Showing what customs does
The management of its border has always been a traditional part of life for the small, independent Alpine republic of Switzerland. The Customs Museum recalls this past, but at the same time it shows the challenges facing Swiss Customs today in the context of global trade and a Europe of open borders.
The museum devotes special exhibitions to topical issues on a regular basis, often in co-operation with other institutions. Memorable, self-explanatory installations and numerous short films in several languages introduce the visitor to the topics in a vivid manner.
From border post to museum
The current customs museum building in Cantine di Gandria was built in 1904 and up until 1993 served as a border guard post.
Cantine di Gandria's first border guard post, the “Casa rossa”, dates back to 1853, when there was only limited space for border guards.

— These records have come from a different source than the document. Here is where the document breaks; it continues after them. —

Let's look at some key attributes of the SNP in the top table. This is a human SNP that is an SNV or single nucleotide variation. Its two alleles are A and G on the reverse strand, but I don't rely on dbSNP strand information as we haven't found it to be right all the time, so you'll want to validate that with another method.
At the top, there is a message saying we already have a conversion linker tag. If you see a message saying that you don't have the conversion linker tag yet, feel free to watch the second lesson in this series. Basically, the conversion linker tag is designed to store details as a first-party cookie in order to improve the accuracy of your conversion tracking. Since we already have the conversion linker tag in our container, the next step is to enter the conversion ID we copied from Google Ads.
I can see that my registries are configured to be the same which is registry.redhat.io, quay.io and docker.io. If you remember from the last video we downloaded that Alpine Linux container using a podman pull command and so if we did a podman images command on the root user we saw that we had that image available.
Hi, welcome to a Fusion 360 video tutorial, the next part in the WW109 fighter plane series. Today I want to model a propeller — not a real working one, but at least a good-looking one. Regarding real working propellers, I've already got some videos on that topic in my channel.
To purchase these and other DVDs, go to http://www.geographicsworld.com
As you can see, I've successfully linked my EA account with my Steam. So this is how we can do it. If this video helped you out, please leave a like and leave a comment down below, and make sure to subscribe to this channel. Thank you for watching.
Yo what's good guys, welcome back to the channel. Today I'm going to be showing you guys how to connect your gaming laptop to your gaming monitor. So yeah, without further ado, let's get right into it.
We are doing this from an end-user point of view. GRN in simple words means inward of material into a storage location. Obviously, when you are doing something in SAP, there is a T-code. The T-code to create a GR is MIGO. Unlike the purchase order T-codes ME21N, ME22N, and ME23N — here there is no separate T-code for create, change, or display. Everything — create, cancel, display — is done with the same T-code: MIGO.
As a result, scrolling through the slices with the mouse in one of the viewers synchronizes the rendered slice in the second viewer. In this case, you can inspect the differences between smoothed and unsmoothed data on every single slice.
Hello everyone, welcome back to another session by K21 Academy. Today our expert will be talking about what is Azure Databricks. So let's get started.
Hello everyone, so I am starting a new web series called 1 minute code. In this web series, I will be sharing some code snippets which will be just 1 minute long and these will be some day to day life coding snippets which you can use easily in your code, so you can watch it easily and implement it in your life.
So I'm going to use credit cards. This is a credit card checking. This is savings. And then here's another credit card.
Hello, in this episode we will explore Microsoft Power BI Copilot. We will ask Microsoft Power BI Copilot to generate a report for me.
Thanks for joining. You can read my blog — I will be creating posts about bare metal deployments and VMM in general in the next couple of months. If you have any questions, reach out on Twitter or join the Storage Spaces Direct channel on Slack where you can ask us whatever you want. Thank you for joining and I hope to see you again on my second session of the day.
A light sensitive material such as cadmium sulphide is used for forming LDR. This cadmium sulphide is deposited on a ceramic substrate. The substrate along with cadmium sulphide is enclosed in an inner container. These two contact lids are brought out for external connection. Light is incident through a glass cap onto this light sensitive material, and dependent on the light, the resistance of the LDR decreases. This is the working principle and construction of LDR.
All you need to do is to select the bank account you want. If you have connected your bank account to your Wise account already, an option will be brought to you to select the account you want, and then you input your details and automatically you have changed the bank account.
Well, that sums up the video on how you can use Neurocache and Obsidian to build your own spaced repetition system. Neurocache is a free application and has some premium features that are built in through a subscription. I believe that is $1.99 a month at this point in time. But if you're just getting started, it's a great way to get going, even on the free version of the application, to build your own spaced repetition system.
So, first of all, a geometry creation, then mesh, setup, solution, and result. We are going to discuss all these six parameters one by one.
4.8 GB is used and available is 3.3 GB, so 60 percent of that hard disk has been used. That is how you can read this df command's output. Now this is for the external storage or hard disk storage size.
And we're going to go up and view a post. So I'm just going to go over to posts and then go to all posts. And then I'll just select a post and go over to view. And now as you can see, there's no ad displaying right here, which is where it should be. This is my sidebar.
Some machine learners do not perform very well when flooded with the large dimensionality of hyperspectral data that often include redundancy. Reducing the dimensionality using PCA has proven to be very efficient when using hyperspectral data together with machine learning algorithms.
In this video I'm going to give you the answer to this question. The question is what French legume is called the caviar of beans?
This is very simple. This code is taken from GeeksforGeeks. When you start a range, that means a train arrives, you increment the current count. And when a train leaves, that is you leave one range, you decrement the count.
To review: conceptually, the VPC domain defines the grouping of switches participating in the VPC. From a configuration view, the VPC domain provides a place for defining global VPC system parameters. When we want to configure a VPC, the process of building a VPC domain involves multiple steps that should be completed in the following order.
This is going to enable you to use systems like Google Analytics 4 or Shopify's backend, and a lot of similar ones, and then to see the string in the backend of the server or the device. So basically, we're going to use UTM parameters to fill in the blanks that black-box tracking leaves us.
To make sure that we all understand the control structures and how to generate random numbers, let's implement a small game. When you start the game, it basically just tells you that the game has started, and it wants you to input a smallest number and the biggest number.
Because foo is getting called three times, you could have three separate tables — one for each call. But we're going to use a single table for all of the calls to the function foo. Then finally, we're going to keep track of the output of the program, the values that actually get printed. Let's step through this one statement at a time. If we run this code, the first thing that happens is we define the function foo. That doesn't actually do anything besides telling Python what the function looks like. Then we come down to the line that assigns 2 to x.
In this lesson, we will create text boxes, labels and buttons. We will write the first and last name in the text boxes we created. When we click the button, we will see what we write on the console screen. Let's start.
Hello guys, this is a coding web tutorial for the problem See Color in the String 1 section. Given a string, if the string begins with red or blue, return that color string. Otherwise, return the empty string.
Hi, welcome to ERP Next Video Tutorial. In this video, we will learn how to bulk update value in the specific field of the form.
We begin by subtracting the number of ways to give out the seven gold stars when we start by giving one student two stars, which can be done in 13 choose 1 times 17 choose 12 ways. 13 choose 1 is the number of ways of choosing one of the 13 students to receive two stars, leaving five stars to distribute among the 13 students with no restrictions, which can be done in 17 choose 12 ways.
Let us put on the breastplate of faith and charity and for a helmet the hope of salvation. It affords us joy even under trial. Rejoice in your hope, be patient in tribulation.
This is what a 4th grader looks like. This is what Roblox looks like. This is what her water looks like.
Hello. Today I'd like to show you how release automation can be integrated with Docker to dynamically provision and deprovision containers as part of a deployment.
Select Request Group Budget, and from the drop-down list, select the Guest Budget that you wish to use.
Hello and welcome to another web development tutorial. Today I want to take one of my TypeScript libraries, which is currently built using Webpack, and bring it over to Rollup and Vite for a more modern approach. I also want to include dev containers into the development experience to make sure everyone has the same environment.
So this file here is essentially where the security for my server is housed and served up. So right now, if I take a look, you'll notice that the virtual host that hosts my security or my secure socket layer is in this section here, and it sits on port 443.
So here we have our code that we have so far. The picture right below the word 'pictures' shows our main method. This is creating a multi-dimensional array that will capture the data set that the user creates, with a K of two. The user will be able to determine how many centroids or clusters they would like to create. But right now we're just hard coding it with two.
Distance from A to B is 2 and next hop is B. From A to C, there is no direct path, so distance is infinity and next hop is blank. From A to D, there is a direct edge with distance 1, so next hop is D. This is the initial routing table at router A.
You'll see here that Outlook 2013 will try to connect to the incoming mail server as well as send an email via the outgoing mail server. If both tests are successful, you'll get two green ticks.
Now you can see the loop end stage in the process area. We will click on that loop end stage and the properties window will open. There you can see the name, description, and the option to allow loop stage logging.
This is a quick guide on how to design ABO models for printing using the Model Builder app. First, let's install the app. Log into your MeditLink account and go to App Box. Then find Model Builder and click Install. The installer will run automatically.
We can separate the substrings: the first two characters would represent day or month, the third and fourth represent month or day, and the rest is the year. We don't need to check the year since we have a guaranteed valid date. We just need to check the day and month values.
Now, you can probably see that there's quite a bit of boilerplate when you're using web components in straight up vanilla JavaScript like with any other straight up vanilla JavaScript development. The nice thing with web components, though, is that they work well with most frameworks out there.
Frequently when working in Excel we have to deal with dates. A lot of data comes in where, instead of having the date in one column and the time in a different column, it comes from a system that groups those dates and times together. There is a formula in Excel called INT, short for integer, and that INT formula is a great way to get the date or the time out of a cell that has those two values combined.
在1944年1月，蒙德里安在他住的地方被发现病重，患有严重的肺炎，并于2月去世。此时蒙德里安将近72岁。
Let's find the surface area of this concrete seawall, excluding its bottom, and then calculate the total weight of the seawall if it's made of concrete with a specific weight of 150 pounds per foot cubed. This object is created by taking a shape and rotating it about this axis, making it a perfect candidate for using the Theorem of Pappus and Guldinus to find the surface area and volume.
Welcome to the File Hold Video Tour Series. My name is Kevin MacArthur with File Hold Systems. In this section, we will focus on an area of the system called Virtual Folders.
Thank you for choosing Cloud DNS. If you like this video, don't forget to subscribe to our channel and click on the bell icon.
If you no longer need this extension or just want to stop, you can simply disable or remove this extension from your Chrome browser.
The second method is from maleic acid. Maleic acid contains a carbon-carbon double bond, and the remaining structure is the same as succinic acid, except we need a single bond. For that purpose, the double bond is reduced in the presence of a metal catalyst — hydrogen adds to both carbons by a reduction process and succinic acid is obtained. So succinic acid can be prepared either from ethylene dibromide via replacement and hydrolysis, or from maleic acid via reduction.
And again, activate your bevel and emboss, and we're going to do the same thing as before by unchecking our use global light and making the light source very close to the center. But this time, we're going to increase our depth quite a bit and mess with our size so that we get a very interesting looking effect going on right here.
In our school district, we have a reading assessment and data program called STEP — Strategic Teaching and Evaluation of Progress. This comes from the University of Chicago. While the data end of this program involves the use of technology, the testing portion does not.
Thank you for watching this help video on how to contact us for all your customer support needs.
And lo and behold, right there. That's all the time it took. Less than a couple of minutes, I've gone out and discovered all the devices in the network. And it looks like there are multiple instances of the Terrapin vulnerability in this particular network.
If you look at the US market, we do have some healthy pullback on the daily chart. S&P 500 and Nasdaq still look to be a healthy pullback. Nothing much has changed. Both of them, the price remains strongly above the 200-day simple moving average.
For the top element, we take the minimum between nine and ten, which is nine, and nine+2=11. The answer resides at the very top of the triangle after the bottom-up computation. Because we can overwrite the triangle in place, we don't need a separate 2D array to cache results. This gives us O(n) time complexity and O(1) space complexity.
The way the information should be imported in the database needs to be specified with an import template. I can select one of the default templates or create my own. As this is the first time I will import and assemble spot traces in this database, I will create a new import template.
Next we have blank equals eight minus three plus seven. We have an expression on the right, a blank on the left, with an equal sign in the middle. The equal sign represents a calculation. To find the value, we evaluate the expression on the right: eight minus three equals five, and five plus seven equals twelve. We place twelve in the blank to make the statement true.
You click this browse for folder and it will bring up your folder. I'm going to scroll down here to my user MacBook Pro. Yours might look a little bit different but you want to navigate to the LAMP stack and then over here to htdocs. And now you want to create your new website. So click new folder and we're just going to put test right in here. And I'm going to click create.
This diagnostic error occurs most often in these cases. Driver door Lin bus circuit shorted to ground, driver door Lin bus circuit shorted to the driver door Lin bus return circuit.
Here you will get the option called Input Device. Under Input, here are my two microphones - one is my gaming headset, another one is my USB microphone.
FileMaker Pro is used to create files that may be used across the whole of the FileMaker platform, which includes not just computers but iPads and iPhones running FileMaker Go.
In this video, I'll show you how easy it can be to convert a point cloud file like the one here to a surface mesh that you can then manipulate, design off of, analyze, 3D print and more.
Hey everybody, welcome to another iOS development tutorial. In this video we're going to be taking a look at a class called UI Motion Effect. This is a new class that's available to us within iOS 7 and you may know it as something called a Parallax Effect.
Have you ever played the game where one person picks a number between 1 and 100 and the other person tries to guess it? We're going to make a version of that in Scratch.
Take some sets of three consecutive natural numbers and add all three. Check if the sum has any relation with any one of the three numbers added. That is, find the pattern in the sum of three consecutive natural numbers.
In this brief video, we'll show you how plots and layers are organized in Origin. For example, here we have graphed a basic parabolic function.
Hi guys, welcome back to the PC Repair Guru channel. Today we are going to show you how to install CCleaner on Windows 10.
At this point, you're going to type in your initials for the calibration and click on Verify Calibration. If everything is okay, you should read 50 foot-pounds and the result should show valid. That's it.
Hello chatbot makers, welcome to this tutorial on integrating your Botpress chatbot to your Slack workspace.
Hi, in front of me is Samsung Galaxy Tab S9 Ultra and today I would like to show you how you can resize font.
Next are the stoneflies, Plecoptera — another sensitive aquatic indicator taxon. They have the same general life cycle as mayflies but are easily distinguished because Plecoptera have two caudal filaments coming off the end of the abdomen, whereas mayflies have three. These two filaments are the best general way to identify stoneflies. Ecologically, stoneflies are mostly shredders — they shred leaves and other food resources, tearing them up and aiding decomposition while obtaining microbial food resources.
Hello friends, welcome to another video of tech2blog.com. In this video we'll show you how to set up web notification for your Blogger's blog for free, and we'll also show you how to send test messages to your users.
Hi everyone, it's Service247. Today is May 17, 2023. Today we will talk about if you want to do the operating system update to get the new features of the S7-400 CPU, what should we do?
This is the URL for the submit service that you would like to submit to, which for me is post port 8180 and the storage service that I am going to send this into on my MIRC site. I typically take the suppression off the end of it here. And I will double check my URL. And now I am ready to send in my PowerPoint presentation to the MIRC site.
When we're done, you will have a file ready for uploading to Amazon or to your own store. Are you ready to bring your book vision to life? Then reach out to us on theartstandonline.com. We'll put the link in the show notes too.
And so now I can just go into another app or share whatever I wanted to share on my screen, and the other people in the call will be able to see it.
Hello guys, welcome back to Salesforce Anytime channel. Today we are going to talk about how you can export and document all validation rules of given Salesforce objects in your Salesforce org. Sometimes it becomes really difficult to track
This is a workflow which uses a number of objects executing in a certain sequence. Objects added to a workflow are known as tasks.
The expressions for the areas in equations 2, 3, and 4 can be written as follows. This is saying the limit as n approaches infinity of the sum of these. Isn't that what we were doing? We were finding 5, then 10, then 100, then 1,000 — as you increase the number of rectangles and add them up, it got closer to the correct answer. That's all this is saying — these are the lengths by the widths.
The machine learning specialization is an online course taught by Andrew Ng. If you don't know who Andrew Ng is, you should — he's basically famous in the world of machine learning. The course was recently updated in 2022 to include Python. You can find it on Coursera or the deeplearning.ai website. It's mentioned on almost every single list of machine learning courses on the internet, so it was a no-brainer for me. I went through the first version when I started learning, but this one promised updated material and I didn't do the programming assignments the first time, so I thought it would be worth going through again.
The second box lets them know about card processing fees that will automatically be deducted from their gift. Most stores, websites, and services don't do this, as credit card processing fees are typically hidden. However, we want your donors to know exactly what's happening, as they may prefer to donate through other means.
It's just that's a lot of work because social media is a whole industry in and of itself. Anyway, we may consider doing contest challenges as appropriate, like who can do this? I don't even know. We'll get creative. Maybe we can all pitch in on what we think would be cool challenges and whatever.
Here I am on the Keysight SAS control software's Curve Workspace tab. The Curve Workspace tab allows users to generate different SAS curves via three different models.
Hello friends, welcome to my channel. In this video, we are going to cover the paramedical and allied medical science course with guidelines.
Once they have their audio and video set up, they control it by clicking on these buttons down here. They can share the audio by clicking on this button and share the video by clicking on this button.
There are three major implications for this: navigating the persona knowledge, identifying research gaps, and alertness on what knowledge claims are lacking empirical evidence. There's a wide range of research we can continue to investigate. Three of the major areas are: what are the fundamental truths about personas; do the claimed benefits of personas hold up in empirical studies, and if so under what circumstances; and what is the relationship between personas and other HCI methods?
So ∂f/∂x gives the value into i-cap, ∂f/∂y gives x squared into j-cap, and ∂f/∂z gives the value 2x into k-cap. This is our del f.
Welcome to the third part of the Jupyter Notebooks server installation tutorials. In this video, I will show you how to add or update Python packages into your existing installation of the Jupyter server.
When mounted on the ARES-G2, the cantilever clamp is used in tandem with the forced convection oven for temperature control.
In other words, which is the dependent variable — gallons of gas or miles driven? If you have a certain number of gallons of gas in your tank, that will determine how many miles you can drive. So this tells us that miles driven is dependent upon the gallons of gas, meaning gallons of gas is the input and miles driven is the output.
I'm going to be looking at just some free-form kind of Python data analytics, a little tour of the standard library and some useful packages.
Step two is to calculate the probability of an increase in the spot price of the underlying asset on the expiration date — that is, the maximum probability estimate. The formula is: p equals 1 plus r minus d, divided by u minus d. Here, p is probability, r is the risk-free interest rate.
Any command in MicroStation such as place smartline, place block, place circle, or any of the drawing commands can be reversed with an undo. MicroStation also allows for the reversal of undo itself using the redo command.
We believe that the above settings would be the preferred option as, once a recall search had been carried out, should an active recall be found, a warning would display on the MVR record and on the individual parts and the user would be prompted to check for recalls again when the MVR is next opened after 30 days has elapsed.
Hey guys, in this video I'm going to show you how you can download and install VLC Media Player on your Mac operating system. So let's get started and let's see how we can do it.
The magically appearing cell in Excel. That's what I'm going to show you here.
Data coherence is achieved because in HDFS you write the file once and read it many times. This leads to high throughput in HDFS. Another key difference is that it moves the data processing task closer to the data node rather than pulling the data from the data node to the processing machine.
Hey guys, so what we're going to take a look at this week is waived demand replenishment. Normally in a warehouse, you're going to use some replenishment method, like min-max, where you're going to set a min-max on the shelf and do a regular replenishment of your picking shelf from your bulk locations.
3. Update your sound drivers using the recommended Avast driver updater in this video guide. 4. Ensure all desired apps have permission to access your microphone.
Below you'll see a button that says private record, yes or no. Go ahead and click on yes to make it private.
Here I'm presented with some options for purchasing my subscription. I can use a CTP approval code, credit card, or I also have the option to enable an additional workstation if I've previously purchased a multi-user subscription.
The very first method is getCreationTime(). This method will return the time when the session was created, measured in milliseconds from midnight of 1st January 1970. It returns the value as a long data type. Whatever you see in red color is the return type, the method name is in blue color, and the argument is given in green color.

The first border guard post, which offered no comfort at all, was therefore replaced in 1904 by a new, larger building just a few metres away. In 1935, the Ticino border guard officer Angelo Gianola came up with the idea of using some of the empty rooms of this building as a museum: He therefore asked his colleagues to collect objects to illustrate the everyday life of the border guards. In the first decades after its opening in 1949, smuggled goods, imaginative hiding places and means of transport were the exhibits that attracted the most attention. Even today, the customs museum is referred to in the vernacular as the "smugglers’ museum".
In the 1970s, the museum was restored and redesigned and, in collaboration with the Swiss National Museum SNM, restored to its former glory. The Cultural Commission of the SNM and the FOCBS agreed to hand over the entire collection of the Customs Museum to the SNM and to ensure that it is preserved and realigned in line with the times. Since its reopening in 1978 and to this day, the collection has grown continuously. The museum regularly organises special exhibitions on specific themes. Since the closure of the border post in 1993, the entire building has been used as a museum.